| Information shown |
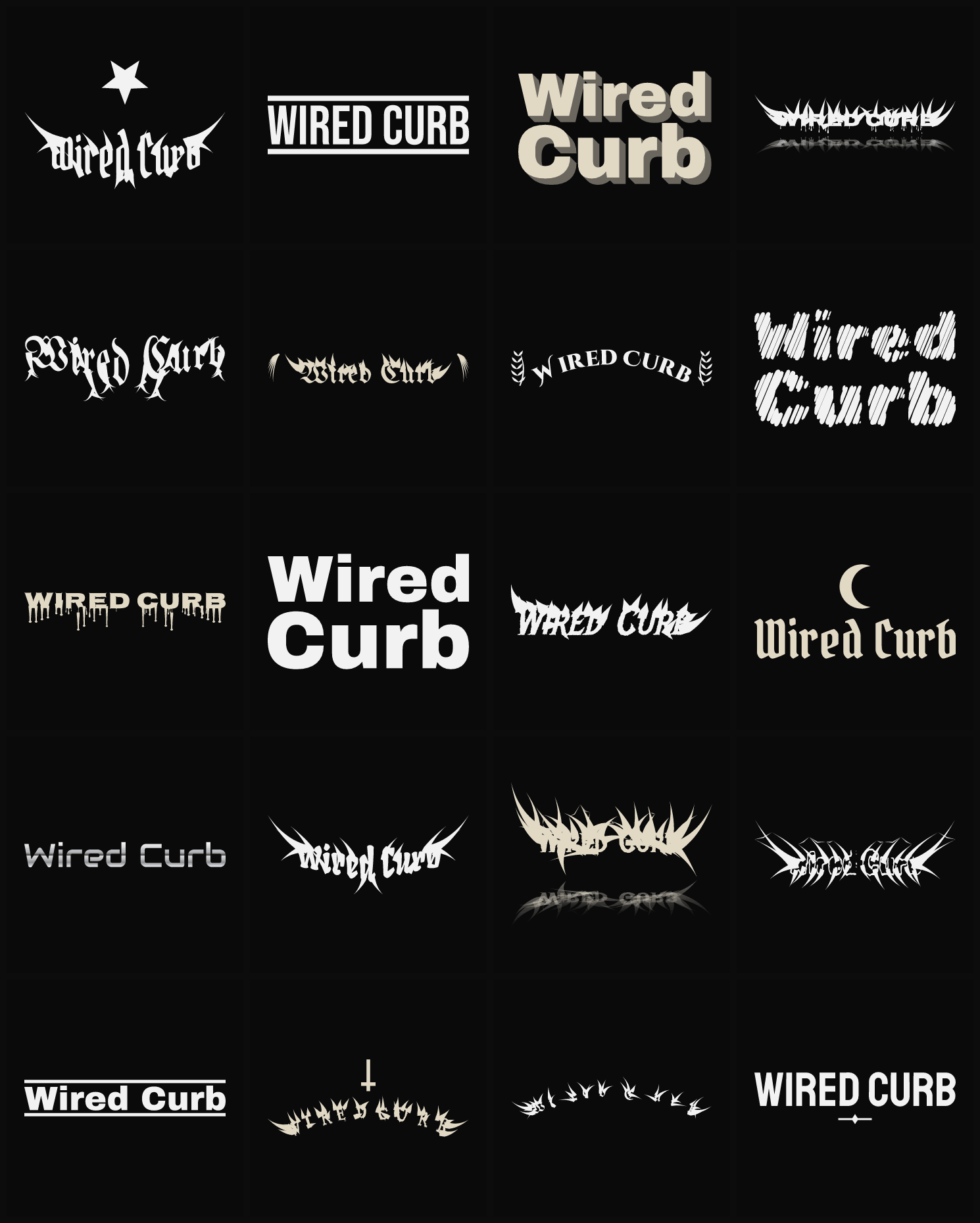 Twenty Wired Curb band logo ideas — different faces, treatments and spike settings
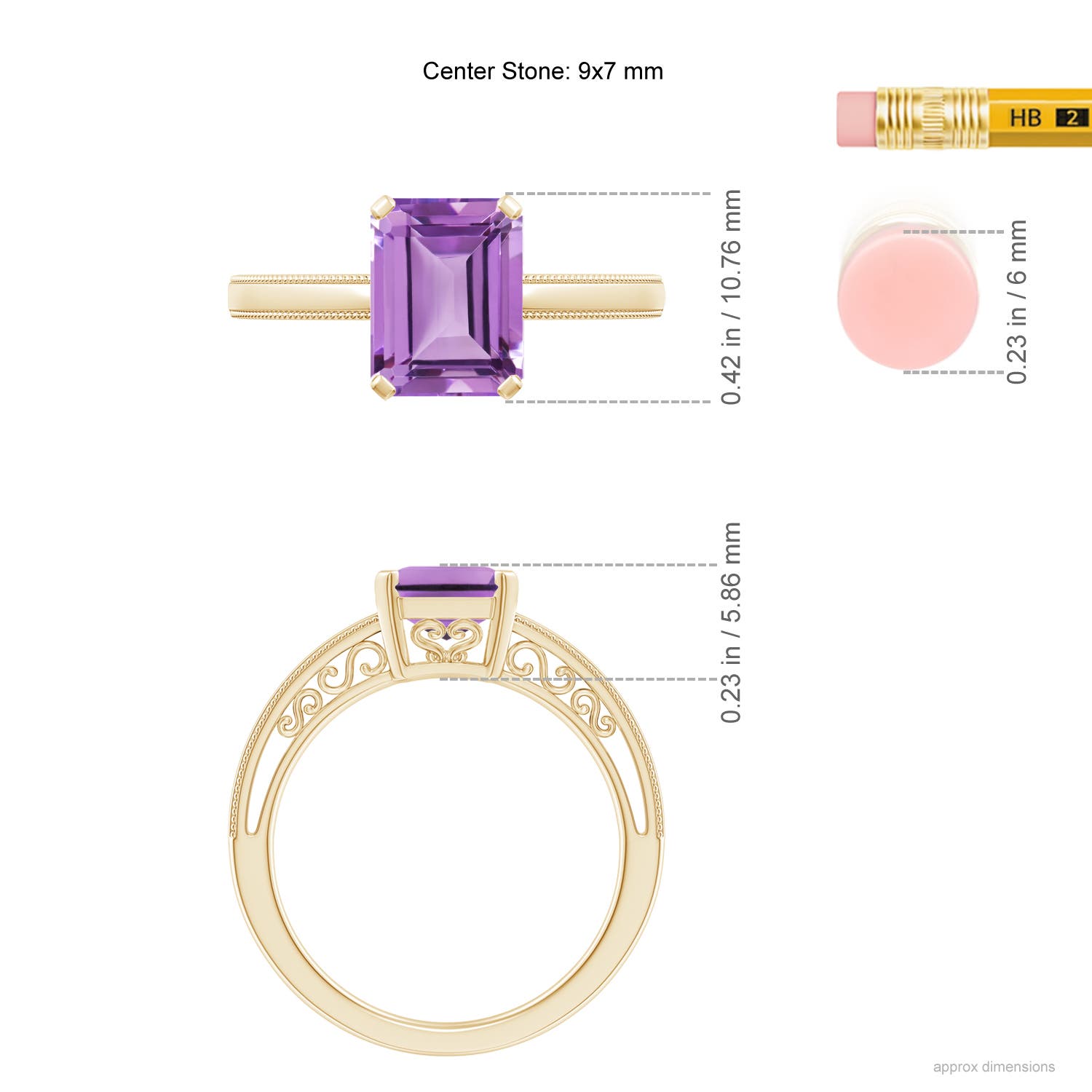 A - Amethyst / 2.2 CT / 14 KT Yellow Gold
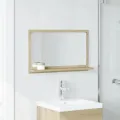 Étagère de salle de bain à miroir chêne sonoma bois ingénierie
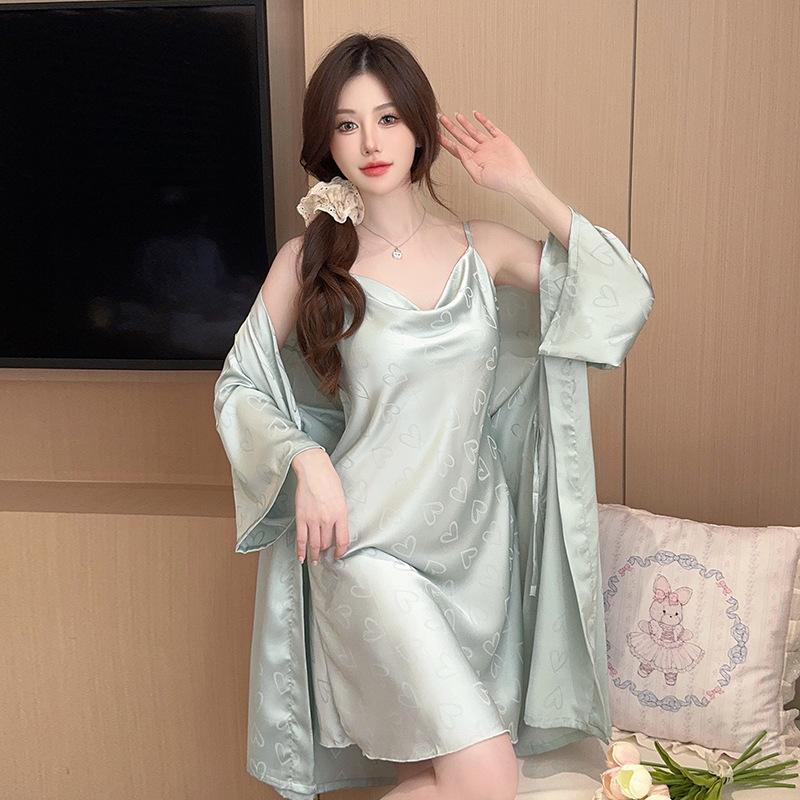Xqwewanticeaa Women's Sexy Pajamas Ice Silk Summer Thin Swinging Collar Suspender Nightdress Two-Piece Set Wants Pure Wind New Loungewear Cm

| Exercise aim |
Print the material above verbatim, no images.

| Result of this task |
 Twenty Wired Curb band logo ideas — different faces, treatments and spike settings
 A - Amethyst / 2.2 CT / 14 KT Yellow Gold
 Étagère de salle de bain à miroir chêne sonoma bois ingénierie
Xqwewanticeaa Women's Sexy Pajamas Ice Silk Summer Thin Swinging Collar Suspender Nightdress Two-Piece Set Wants Pure Wind New Loungewear Cm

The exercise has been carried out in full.